A more efficient approach uses recursion. For each node, we consider two possibilities:

  1. The node is part of the maximum path that passes through it.
  2. The node is not part of such a path.

We can calculate the maximum path sum passing through a node as the sum of the node's value and the maximum path sums from its left and right children (but only if these sums are positive, because we want to maximize the sum). We also need to keep track of the global maximum path sum found so far.

Here's the algorithm:

  1. Initialize max_sum to negative infinity.
  2. Define a recursive helper function max_path_sum_helper(node):
    • Base case: If node is None, return 0.
    • Recursively calculate left_sum and right_sum from the left and right children.
    • Calculate max_single: the maximum path sum including the current node and at most one of its children: max(node.val + left_sum, node.val + right_sum, node.val)
    • Calculate max_top: the maximum path sum including the current node and both of its children: node.val + left_sum + right_sum
    • Update max_sum with the maximum of max_sum, max_single, and max_top.
    • Return max_single (because the parent can only use one branch).
  3. Call max_path_sum_helper(root).
  4. Return max_sum.
class TreeNode:
    def __init__(self, val=0, left=None, right=None):
        self.val = val
        self.left = left
        self.right = right

def maxPathSum(root: TreeNode) -> int:
    max_sum = float('-inf')

    def max_path_sum_helper(node: TreeNode) -> int:
        nonlocal max_sum
        if not node:
            return 0

        left_sum = max(max_path_sum_helper(node.left), 0)
        right_sum = max(max_path_sum_helper(node.right), 0)
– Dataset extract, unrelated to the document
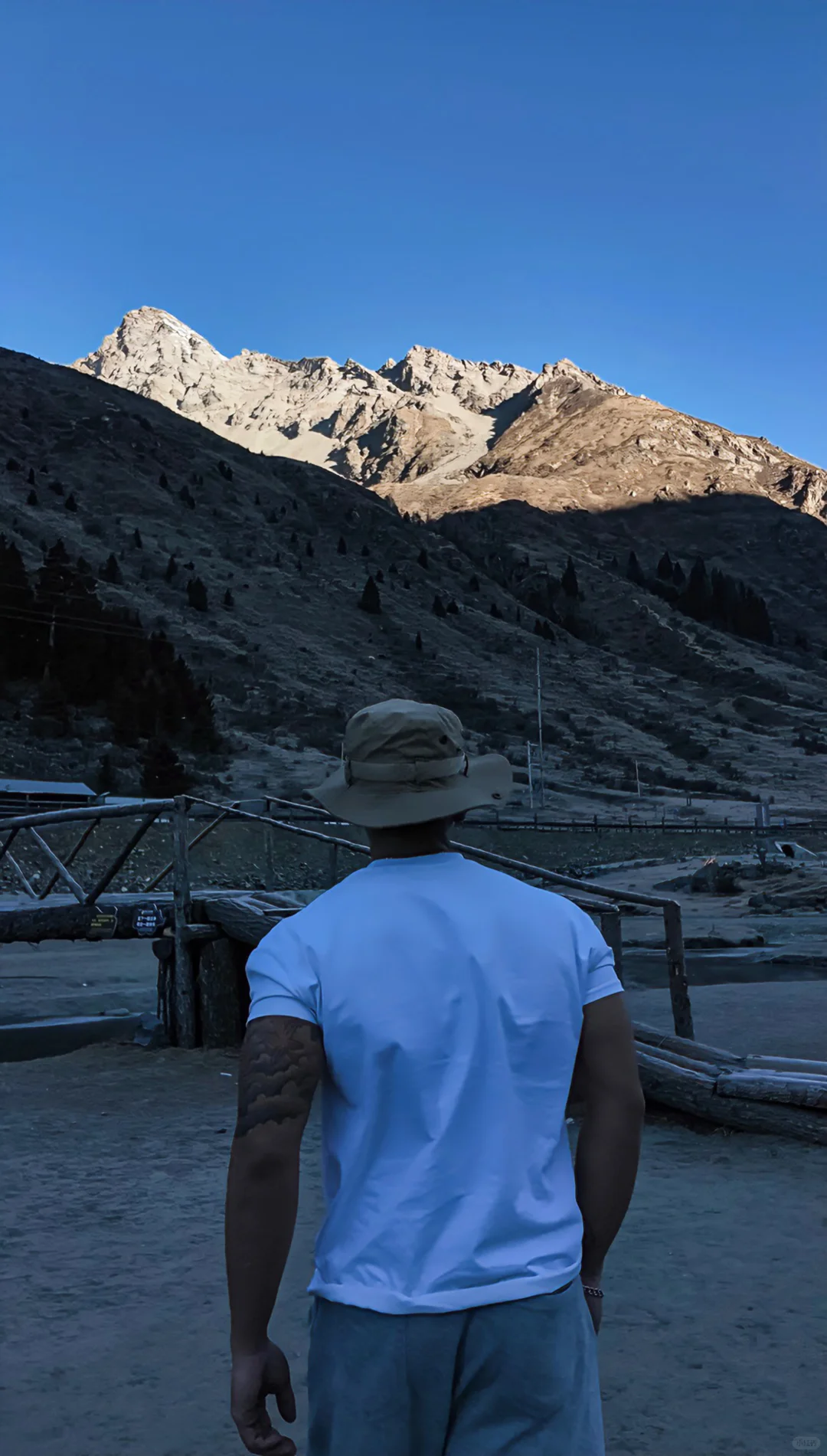 边角🏔️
        max_single = max(node.val + left_sum, node.val + right_sum, node.val)
        max_top = node.val + left_sum + right_sum

        max_sum = max(max_sum, max_single, max_top)

        return max_single

    max_path_sum_helper(root)
    return max_sum


# Example Usage (Example 1)
root1 = TreeNode(1)
root1.left = TreeNode(2)
root1.right = TreeNode(3)
print(f"Max path sum for Example 1: {maxPathSum(root1)}")  # Output: 6

# Example Usage (Example 2)
root2 = TreeNode(-10)
root2.left = TreeNode(9)
root2.right = TreeNode(20)
root2.right.left = TreeNode(15)
root2.right.right = TreeNode(7)
print(f"Max path sum for Example 2: {maxPathSum(root2)}")  # Output: 42

# Example with a single node
root3 = TreeNode(-3)
print(f"Max path sum for single node: {maxPathSum(root3)}") #Output: -3

3. Big(O) Time Complexity Analysis

The time complexity is O(N), where N is the number of nodes in the binary tree. The max_path_sum_helper function visits each node exactly once.
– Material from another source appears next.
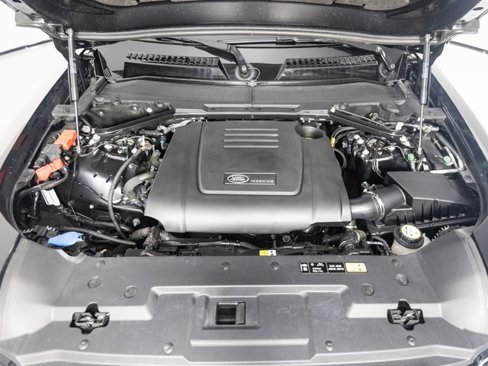 Used 2024 Land Rover Defender 110 S image 28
4. Big(O) Space Complexity Analysis

The space complexity is O(H), where H is the height of the binary tree, due to the recursive call stack. In the worst-case scenario (skewed tree), H = N, making the space complexity O(N). In the best-case scenario (balanced tree), H = log(N), making the space complexity O(log(N)).
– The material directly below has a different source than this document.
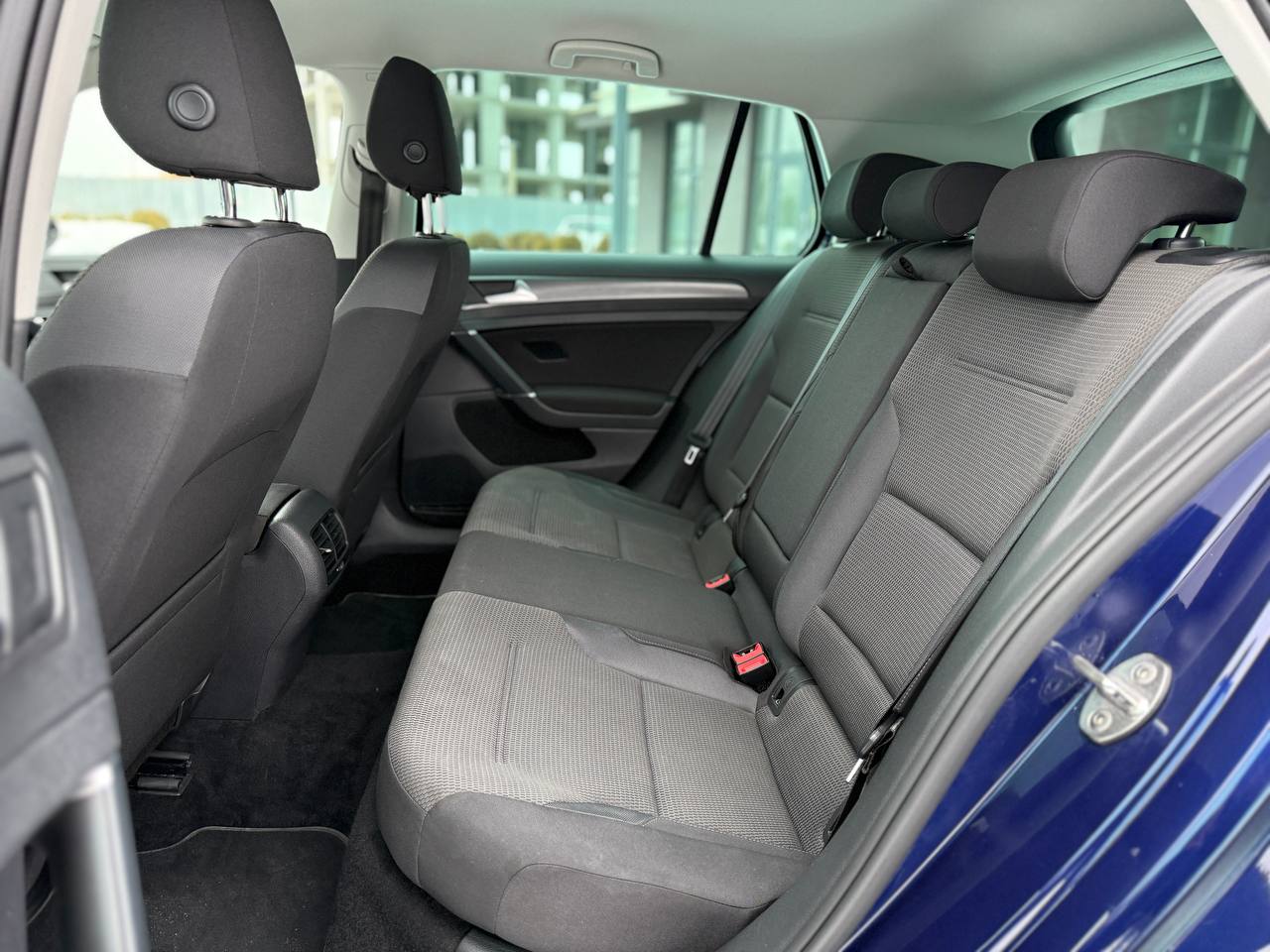 Фото - Volkswagen E-Golf #10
5. Edge Cases and Handling

  1. Empty Tree: If the input tree is empty (root is None), the algorithm should return 0. (Handled implicitly as the helper function returns 0.)
  2. All Negative Values: The algorithm correctly handles cases where all node values are negative. The max function ensures that even negative values are considered, and the global max_sum is updated accordingly.
  3. Single Node Tree: If the tree contains only one node, the algorithm returns the value of that node.
  4. Large Tree: The code is able to handle a tree of size 3 * 10^4 as it only goes through each node one time, and it uses constant extra space outside of the recursion.